__SOURCE MATERIAL__
= = = =

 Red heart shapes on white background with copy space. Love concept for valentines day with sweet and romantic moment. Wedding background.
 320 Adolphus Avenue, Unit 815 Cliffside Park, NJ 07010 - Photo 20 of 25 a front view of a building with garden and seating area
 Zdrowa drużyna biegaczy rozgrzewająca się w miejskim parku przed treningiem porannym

= = = =

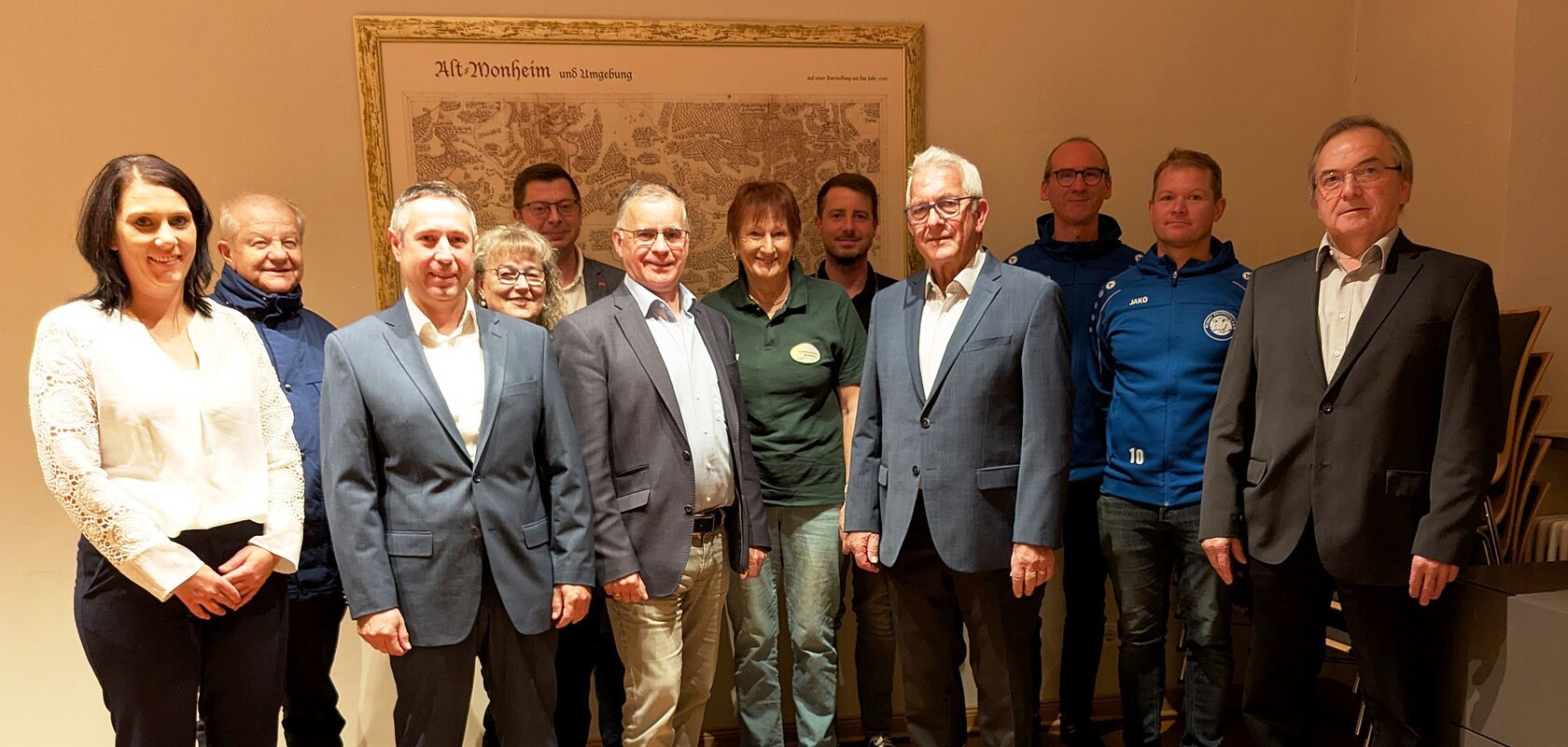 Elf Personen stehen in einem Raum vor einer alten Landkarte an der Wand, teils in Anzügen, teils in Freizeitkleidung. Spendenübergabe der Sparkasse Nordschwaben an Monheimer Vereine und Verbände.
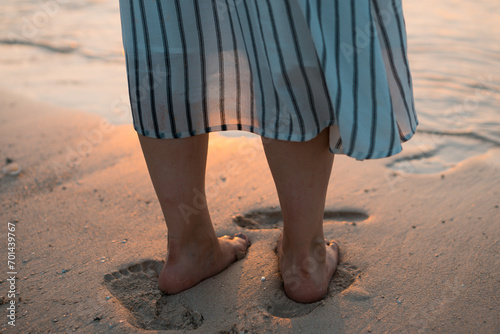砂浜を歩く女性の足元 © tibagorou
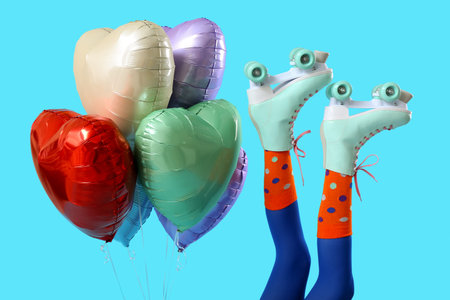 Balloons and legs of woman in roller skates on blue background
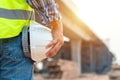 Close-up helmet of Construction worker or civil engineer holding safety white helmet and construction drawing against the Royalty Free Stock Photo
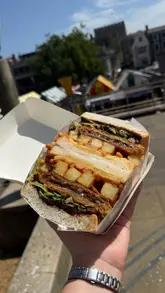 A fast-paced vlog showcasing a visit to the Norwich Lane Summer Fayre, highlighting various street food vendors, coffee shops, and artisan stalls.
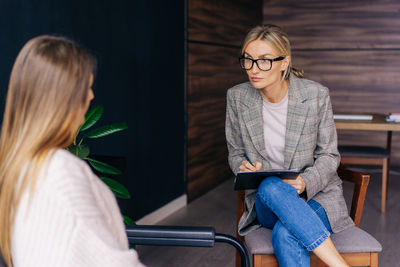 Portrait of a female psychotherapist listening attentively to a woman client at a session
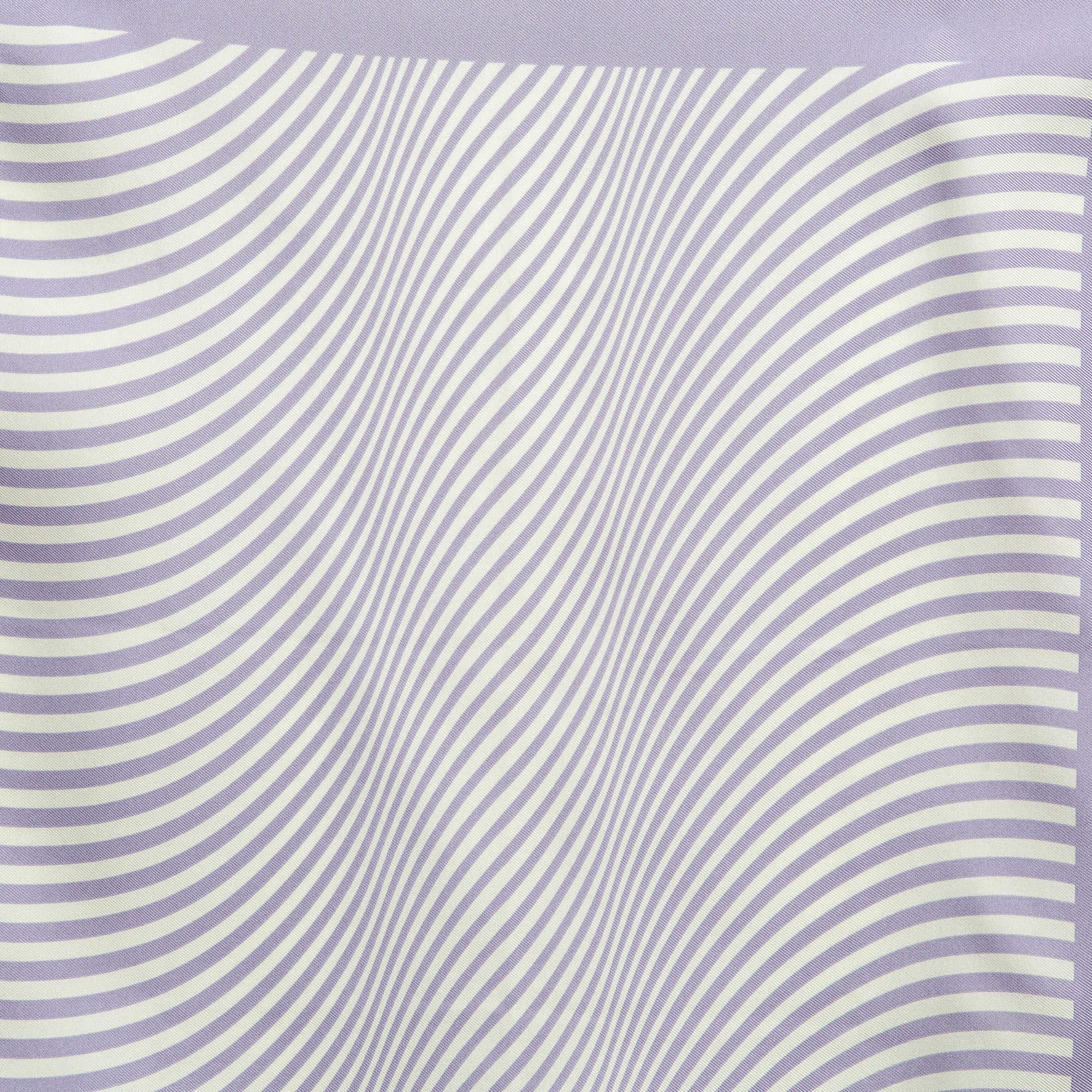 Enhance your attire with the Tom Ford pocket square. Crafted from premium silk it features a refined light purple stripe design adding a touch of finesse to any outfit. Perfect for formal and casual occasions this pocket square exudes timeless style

= = = =

__EXERCISE DESCRIPTION__
Reproduce word for word, with pictures dropped, only the part of the material above that opens with the line containing "砂浜を歩く女性の足元 © tibagorou" and closes with the line containing "Close-up helmet of".

__EXERCISE ANSWER__
砂浜を歩く女性の足元 © tibagorou
 Balloons and legs of woman in roller skates on blue background
 Close-up helmet of Construction worker or civil engineer holding safety white helmet and construction drawing against the Royalty Free Stock Photo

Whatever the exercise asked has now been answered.